A CMOS imaging chip is a type of active pixel sensor made using the CMOS semiconductor process. Extra circuitry next to each photo sensor converts the light energy to a voltage. Additional circuitry on the chip may be included to convert the voltage to digital data (Figure 2.2) .
In the technical specifications of the professional cinema camera produced by Blackmagic Design (Production Camera 4K) (Figure 2.3), we find that the active resolution of less than half a square-inch CMOS digital image sensor is 3840 x 2160 (4K – UHD), which totals 8,294,400 light receptors. The light sensor density of the Blackmagic Production Camera 4K is around 33,057.8/mm2.
The human retina has a total of about 63 million light sensors in an area of 1204 mm2. That means that the total light sensor density of the human eye is around 52,571.4/mm2. The total light sensor density of the CMOS sensor of the Blackmagic Production Camera 4K is just over 33,057.8/mm2. That means the human retina has around 1.6 times more light sensors per square millimeter than the cinema camera’s CMOS sensor.
What does this mean for the human retina? Having smaller light sensors means they need more light to function.
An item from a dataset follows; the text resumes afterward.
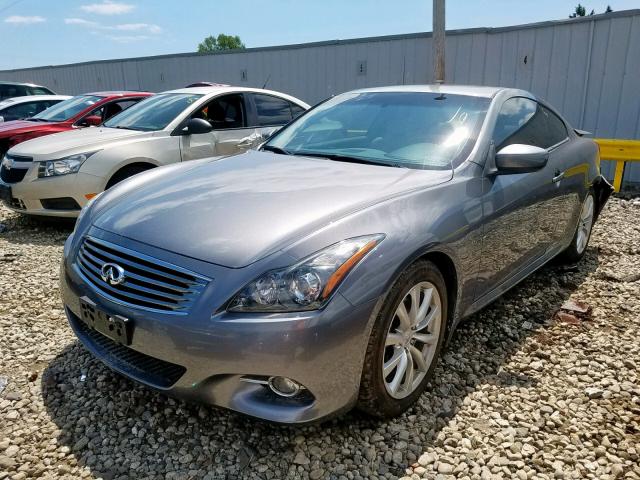 JN1CV6EK8DM921878 - 2013 INFINITI G37 JOURNE GRAY photo 2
This is why humans can’t see that well in the dark.
According to our calculations, the human eye perceives around 1.6 times higher resolution images (but has 1.6 times less function in low light) than a professional state-of-the-art cinema camera.
 Ophthalmology. 1994 Mar;101(3):519-23. Retinal photoreceptor count, retinal surface area, and optic disc size in normal human eyes. Panda-Jonas S, Jonas JB, Jakobczyk M, Schneider U.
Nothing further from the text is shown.